Dimana kurang lebih mengungkapkan bahwa setiap mahkluk di dunia ini memerlukan satu sama lain untuk dapat berprestasi dan hidup bahagia. Meskipun kita berada di era modern, dimana segala sesuatu dapat dikendalikan dengan tehnologi mutakhir, tetapi kesuksesan berprestasi dan kebahagiaan kita masih sangat bergantung terhadap keberhasilan menciptakan networking.
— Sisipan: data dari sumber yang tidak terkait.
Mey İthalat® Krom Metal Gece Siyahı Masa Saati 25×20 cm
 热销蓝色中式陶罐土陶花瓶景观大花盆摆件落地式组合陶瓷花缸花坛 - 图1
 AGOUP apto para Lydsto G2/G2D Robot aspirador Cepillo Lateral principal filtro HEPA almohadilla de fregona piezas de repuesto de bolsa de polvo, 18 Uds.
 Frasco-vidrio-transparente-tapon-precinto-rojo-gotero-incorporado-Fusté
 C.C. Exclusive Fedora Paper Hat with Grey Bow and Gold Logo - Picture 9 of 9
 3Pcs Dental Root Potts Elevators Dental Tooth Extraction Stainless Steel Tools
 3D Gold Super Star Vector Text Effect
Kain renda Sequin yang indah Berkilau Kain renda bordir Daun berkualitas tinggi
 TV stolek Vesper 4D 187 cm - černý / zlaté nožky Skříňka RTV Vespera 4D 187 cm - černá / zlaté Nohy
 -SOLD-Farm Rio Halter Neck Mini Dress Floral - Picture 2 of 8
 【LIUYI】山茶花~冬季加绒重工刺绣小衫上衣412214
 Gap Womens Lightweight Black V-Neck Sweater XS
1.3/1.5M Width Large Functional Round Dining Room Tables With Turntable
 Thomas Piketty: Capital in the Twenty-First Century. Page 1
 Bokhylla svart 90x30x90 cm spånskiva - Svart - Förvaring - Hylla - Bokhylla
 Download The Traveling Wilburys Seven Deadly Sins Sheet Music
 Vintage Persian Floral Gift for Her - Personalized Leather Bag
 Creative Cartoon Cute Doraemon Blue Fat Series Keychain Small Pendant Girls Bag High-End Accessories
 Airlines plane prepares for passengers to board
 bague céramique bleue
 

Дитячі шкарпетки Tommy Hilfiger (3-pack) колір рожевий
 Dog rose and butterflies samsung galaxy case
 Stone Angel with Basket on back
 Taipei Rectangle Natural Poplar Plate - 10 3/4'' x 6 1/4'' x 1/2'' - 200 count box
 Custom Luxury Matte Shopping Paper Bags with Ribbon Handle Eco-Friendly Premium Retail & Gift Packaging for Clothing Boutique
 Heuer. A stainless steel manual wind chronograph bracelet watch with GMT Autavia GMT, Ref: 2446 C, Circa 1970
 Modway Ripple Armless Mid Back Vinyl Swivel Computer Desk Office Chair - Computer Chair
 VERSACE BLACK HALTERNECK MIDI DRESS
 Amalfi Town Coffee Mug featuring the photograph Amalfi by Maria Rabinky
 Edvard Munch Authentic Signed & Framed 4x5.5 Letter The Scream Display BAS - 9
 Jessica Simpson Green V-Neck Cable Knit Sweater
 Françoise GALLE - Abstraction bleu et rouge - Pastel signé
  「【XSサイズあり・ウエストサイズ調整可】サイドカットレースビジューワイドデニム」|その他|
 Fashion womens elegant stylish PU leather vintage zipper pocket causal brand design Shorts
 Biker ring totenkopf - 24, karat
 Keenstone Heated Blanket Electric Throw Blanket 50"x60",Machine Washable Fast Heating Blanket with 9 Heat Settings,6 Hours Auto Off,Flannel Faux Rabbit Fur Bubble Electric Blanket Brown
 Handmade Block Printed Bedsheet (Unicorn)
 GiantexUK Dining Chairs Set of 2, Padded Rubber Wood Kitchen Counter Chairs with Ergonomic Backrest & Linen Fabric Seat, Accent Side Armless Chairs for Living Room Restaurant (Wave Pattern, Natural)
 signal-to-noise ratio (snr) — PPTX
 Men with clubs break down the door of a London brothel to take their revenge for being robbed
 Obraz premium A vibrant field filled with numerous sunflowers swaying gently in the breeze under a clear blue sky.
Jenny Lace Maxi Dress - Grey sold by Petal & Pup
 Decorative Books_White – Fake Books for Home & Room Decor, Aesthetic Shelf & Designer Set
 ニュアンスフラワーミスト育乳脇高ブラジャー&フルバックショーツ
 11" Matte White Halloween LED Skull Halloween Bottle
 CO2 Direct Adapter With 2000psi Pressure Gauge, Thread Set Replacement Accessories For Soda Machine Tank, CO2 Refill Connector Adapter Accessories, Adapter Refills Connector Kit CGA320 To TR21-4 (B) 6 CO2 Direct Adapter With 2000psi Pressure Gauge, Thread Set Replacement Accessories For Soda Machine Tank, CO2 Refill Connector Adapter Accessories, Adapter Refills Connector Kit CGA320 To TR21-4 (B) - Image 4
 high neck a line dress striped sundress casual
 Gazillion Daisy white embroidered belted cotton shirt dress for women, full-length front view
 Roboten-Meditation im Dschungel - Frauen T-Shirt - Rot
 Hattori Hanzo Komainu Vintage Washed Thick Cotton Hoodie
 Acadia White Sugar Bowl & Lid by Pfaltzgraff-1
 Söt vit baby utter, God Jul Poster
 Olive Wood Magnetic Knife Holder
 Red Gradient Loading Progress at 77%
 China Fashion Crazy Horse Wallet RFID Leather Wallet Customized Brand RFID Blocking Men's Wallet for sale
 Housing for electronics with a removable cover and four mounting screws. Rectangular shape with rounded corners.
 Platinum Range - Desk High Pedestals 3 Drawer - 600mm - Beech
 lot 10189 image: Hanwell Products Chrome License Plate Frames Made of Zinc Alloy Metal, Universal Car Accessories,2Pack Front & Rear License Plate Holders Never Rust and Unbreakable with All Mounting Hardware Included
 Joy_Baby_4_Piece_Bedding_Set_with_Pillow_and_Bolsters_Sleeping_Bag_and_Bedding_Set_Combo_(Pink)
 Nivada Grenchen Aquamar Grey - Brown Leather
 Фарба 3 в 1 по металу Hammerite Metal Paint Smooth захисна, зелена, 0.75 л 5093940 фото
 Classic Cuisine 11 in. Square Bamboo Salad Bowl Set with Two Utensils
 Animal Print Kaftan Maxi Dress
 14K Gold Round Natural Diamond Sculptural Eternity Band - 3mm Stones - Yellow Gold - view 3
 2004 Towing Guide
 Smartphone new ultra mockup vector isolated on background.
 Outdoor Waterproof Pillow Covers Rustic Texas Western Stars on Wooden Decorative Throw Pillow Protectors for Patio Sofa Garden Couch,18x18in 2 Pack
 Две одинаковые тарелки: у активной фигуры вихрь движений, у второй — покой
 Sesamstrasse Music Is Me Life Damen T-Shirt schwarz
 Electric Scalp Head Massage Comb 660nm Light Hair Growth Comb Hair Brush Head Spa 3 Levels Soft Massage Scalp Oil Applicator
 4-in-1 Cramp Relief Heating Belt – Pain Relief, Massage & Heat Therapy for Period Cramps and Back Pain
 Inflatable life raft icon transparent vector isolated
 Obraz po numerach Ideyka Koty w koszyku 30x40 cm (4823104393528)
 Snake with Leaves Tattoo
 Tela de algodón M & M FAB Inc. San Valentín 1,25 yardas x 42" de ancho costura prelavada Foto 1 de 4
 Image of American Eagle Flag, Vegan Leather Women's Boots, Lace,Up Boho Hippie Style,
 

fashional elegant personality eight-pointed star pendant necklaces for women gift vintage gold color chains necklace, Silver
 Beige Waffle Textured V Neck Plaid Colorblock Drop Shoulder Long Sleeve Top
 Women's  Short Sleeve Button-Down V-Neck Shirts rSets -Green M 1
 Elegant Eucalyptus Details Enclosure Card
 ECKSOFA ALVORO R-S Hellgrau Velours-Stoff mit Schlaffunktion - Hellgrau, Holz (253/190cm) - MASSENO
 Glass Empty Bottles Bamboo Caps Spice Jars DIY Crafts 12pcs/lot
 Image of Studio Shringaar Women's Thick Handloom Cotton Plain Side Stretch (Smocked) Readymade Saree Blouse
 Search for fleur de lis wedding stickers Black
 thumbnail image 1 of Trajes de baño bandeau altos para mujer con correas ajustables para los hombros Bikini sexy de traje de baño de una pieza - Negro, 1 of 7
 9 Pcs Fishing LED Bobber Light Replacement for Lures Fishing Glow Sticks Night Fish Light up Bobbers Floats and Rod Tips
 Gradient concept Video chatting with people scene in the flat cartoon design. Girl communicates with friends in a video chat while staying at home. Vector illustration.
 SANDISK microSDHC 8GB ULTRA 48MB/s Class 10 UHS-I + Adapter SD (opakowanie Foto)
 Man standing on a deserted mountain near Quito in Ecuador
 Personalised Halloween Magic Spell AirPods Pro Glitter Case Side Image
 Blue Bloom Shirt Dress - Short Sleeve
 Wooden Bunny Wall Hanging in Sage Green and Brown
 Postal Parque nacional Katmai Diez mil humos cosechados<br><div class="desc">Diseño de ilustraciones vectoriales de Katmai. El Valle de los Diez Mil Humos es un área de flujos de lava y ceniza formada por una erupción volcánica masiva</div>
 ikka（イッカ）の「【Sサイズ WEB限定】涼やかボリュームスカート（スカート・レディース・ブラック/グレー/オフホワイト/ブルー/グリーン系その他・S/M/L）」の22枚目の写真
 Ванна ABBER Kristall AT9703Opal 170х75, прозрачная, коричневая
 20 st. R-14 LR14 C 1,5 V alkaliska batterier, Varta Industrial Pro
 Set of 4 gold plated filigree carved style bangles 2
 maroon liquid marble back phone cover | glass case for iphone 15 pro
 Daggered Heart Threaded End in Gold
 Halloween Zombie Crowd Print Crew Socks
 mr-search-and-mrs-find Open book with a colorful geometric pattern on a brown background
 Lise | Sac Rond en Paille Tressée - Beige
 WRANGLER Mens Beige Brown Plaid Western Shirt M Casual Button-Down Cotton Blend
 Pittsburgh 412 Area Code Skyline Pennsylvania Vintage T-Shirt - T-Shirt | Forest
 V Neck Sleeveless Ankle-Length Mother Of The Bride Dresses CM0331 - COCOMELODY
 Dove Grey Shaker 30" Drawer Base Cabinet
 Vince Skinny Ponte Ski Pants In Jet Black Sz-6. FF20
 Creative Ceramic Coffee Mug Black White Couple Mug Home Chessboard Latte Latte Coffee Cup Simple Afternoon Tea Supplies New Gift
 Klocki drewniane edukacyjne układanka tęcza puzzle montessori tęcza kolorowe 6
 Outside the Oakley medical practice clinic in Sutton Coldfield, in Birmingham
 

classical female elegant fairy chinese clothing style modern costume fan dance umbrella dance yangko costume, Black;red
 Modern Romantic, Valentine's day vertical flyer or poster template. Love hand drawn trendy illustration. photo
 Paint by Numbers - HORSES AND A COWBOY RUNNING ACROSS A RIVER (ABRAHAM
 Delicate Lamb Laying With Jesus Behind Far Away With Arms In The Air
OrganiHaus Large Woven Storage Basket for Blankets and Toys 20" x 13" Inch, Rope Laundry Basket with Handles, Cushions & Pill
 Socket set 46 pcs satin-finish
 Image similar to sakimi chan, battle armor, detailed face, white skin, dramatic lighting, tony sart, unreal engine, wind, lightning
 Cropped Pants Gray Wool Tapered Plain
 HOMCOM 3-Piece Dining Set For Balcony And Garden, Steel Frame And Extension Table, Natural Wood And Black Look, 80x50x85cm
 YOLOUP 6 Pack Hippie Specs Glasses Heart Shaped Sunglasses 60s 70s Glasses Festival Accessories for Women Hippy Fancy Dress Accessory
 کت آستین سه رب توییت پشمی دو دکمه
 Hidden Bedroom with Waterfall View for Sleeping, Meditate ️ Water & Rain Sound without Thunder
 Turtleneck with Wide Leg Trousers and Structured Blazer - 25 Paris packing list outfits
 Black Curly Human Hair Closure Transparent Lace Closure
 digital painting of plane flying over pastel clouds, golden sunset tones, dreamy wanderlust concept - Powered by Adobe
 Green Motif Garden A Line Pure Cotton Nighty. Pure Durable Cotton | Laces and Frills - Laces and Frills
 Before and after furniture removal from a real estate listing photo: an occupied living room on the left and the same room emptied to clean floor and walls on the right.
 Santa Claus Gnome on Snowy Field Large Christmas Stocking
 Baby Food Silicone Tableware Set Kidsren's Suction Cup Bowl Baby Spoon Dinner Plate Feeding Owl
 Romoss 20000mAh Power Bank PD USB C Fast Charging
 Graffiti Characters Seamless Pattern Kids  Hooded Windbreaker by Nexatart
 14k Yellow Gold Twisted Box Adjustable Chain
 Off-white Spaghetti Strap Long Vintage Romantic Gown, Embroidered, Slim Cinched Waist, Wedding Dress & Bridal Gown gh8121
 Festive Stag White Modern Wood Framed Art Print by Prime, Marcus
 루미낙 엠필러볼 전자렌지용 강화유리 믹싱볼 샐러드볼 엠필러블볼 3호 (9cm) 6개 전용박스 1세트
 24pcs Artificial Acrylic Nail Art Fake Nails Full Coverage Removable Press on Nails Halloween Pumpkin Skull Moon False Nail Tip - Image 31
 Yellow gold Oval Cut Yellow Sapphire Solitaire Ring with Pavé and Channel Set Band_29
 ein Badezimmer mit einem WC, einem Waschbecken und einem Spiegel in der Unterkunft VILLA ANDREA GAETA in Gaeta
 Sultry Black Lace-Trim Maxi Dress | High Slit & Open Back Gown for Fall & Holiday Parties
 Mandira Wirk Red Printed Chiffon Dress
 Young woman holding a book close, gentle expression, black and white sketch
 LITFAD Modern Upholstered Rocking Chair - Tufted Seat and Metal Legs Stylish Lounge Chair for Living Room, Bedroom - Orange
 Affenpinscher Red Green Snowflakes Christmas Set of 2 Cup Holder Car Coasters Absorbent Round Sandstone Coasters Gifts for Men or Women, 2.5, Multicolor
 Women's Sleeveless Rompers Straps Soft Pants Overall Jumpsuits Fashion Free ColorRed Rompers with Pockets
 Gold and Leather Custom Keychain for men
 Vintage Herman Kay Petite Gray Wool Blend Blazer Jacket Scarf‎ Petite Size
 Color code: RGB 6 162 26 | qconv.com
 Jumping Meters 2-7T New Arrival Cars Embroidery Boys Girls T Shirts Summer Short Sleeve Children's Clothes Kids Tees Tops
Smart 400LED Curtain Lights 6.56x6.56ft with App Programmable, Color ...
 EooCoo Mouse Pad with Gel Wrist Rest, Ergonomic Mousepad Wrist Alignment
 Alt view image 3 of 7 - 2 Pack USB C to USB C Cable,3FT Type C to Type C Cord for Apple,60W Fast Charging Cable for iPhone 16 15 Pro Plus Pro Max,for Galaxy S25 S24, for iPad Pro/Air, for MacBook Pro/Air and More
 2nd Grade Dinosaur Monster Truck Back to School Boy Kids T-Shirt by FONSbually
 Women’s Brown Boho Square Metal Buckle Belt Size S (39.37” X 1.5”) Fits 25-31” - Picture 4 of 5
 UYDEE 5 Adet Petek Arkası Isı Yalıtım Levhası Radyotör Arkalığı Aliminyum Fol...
Bukankah sebagai kaum muslimin dan muslimat yang kita cari dan tuju dalam hidup di dunia ini adalah menggapai ridho Allah SWT juga kebahagiaan dunia dan akhirat? Insyaallah, Amin. Semoga dari uraian-uraian diatas dapat membuka wawasan dan pola pikir serta sudut pandang kita lebih luas lagi, tidak sempit dengan hanya memaknai Silaturrahim sebagai suatu sarana atau ajang kumpul-kumpul semata. Namun di dalam sebuah silaturrahim harus ada nilai lebih yang saling mendatangkan keuntungan atau manfaat bagi kedua belah pihak bahkan lebih baik lagi jika berdampak luas bagi kemaslahatan umat. Jadi kita pun tidak perlu lagi merasa ‘takut’ atau ‘alergi’ dengan kata-kata dan kegiatan yang berbau Networking, haha..:). Malah ciptakanlah networking kita masing-masing seluas-luasnya semasa hidup kita. Sehingga kita dapat menjadi manusia yang berkualitas dan bermanfaat tidak saja bagi diri kita sendiri, keluarga, teman-teman, kerabat, handai tolan, tetapi juga bisa bermanfaat bagi banyak orang tentunya. Insyaallah, Amin..
للناس أنفعهم الناس خير
“Sebaik-baik manusia adalah yang paling bermanfaat bagi manusia lainnya” (HR. Ahmad, Thabrani, Daruqutni. Disahihkan Al Albani dalam As-Silsilah As-Shahihah).
Jakarta, 15 Maret 2017
Fitri Sundari, SS., M.Si. – Human Resources Management Consultant
Fak. Psikologi Terapan Kekhususan SDM, UI – Depok (2003-2005).